Swamp Things

In the swamps the roads grow even closer, and the shrieks of strange birds deep in the prehistoric mangroves seem like creatures from a thousand years ago. Louisiana beckons from deep within, like a rising from the gut of my animal nature.

 We are quiet, watching the primordial from our windows. The darkness of the past seems to crowd close, panting and steaming up the glass.
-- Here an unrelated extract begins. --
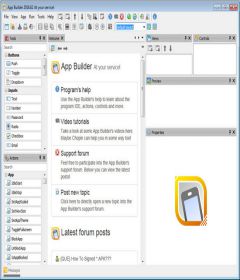 App Builder 2018.106 + patch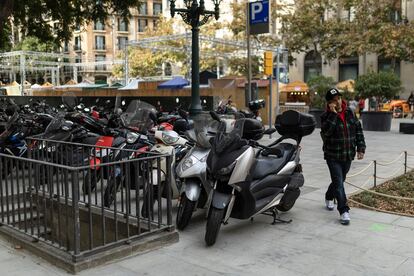 Motos Barcelona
I-65 becomes the never-ending Interstate 10 south of Mobile, and the salt smell of the sea rides the breeze. Nearly two hours along the toe of Mississippi, then at the border between Alabama and Louisiana near Slidell a wooden pier walks out into the water and signs tell you to watch for the alligators. I see many ominous lumpy logs, with mud-colored scales barely rippling the surface. The water is stained the color of sweet tea, and in towns the sounds of music older than time echo from the voices of the residents and the doors of bars, where zydeco and jazz and laughter have settled into the soil and the laughing eyes of the people there who greet you with a handshake and a smile.
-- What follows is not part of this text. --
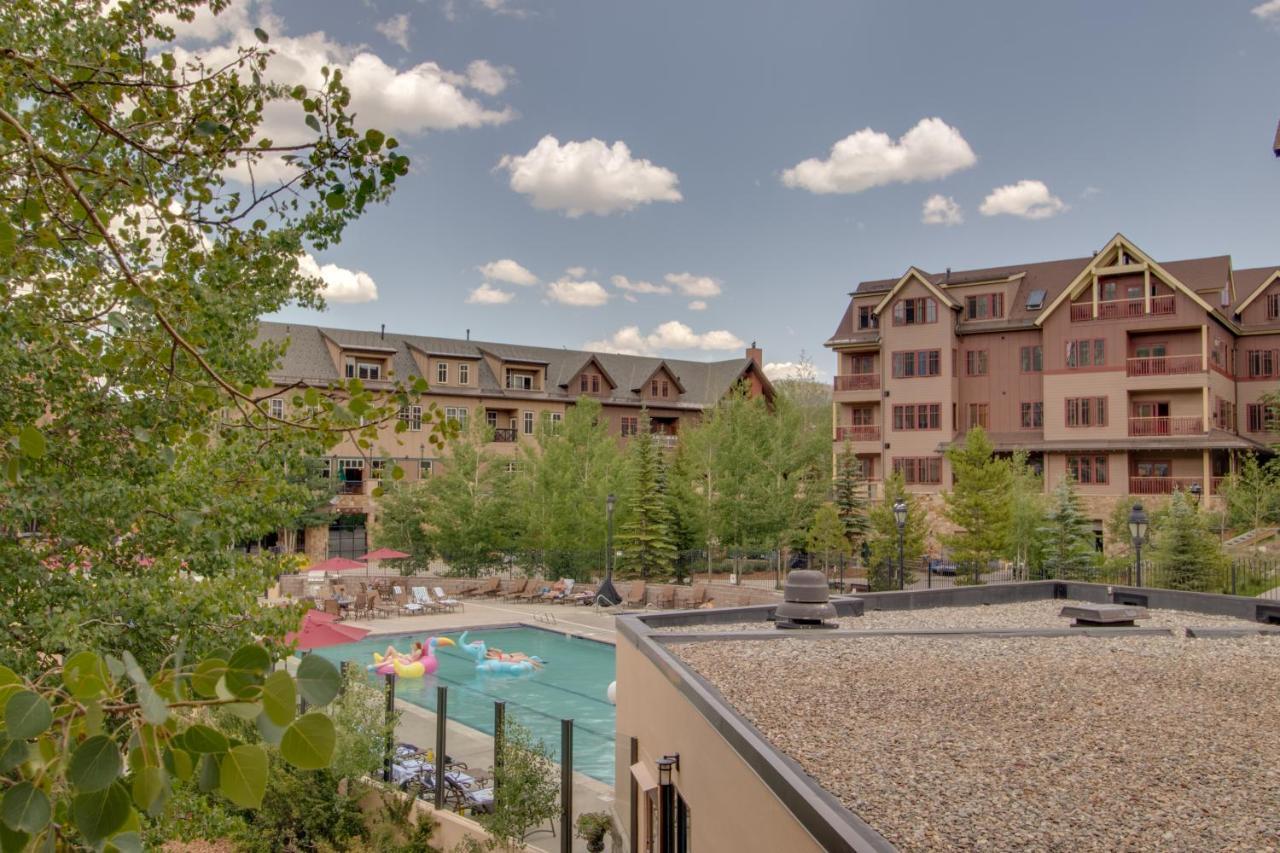 Mountain Valley Lodge Breckenridge Exterior photo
The graves sit stolid above the ever-leaking, crying ground, the damp seeping in and rotting all flesh and trash and once-living things. The dead are on display here, and no one seems to mind that death presides over all with a toothy alligator grin.
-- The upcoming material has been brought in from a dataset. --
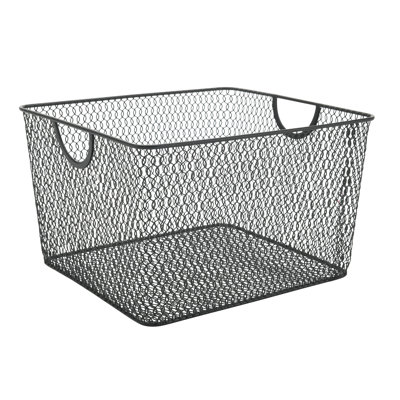 YBM Home Decorative Bin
In college I rode for hours in a car that smelled of the fetid slippers of a blonde-haired friend and her evil feet, to see the vomit-soaked streets of Mardi Gras and find some memories to haunt us all into our old, boring years. I remember fragmented visions of the weekend – flashing our nascent breasts at old men and Asian guys with SpongeBob beads. The wet breath of a man in my ear as I hid behind my mask, feeling safe with the liquor in my veins, turning around holding the hand of my roommate and noticing the naked crowd around us in this bar above the hordes in the street. Someone was getting a blowjob and others gathered around to smile at them. Another man wore chains and his girlfriend held the whip. I wondered what the normal citizens of the city imagined was happening here, as they sat around dinner tables or watched late-night TV and avoided downtown for the entire week. Something like this scene, probably. At the end of the French Quarter a man picked my back pocket in the shadowed streets, slid his hand down my ass and I didn’t feel a thing. Silly country girl, or nomad girl, whatever I am- here in the city pressed against the masses with their flashing teeth and metallic beads. Another man grabbed him by the back of the shirt and shook him until he released the bills in his wallet, a wad of bills I hadn’t had in the first place. I accepted the extra cash and the man disappeared to pick unsuspecting pockets farther down the avenue.

The gay men kissed for us when we asked them to at the end of the street in the dark, and the rainbow-lit bars there made us feel welcomed and safe. Among family.